Instructions for the task -
Transcribe the records below exactly, leaving out any pictures.

Material provided -
══════════════════════════════
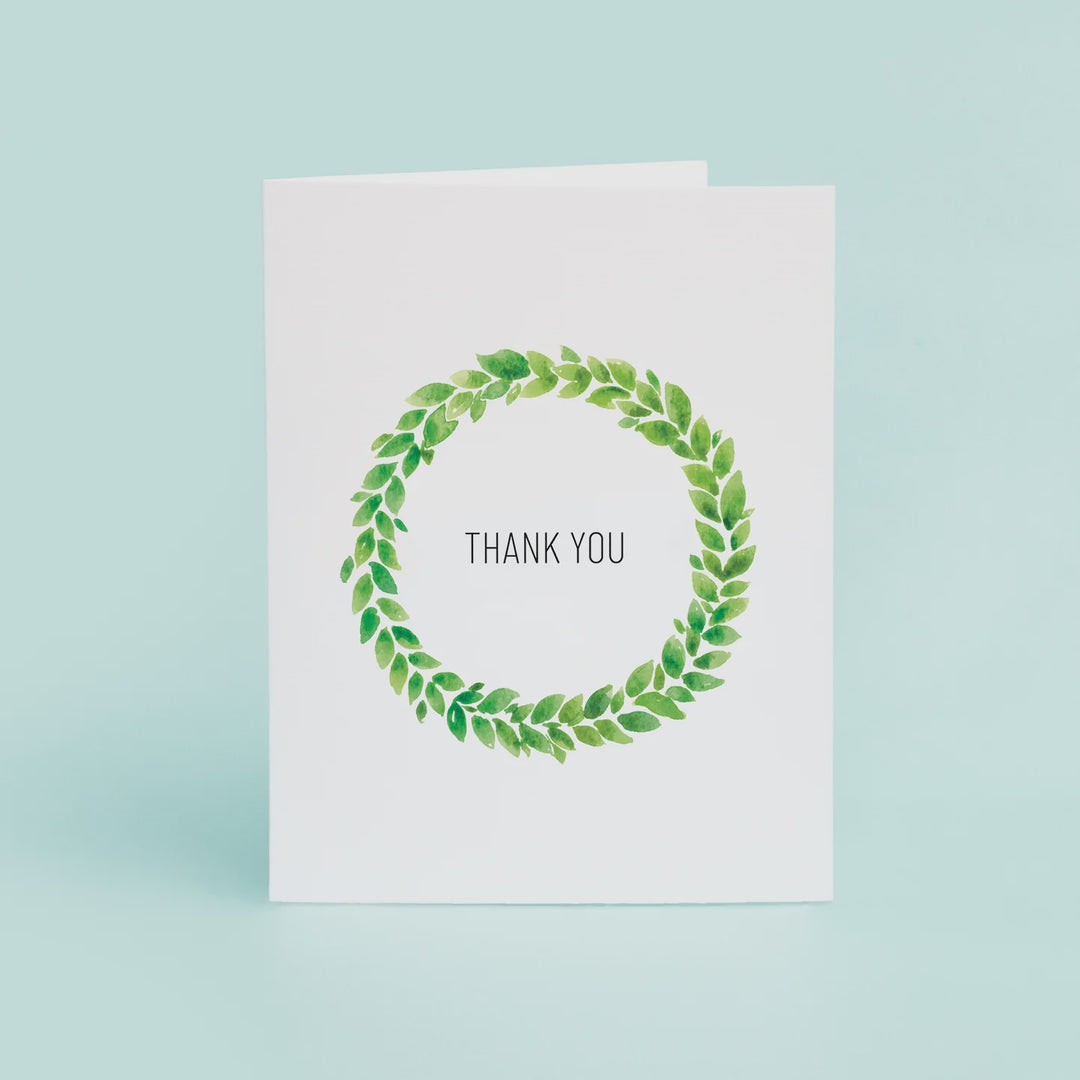 White greeting card with a green leaf wreath and the words Thank You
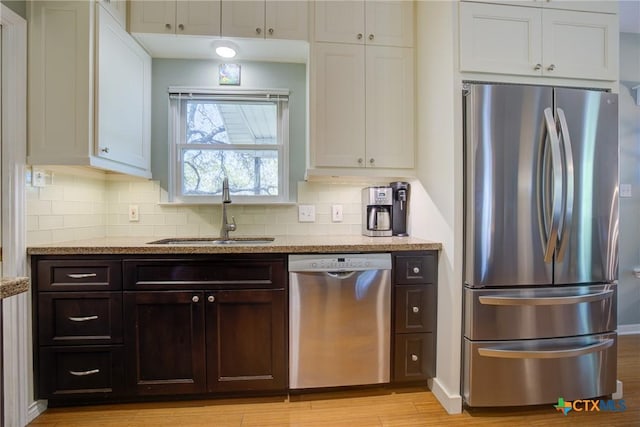 kitchen with tasteful backsplash, white cabinets, a sink, appliances with stainless steel finishes, and light stone countertops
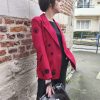 Blazer rouge épaules légèrement marquées. Motifs broderies noires (œil, cœur sacré, rouge à lèvres, diamant, revolver, rose, inscription " Ex-Wives Club). Tissu lisse et confortable, double rangée de boutons noires pour la fermeture, coupe ajustée.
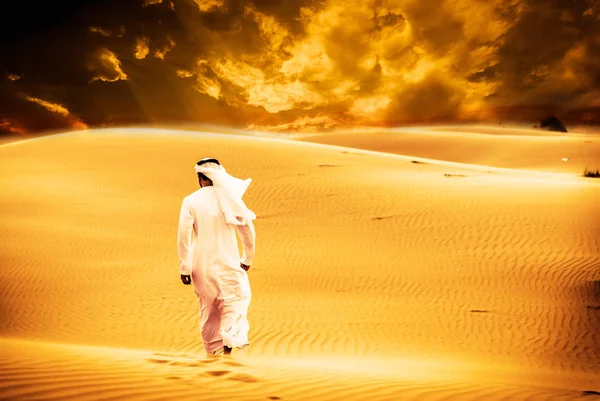 Arabic man with traditional emirates clothes walking in the dese — Stock Photo, Image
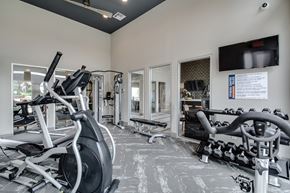 Dallas apartment for rent - a gym with exercise equipment and a tv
══════════════════════════════
The completed task -
 White greeting card with a green leaf wreath and the words Thank You
 kitchen with tasteful backsplash, white cabinets, a sink, appliances with stainless steel finishes, and light stone countertops
 Blazer rouge épaules légèrement marquées. Motifs broderies noires (œil, cœur sacré, rouge à lèvres, diamant, revolver, rose, inscription " Ex-Wives Club). Tissu lisse et confortable, double rangée de boutons noires pour la fermeture, coupe ajustée.
 Arabic man with traditional emirates clothes walking in the dese — Stock Photo, Image
 Dallas apartment for rent - a gym with exercise equipment and a tv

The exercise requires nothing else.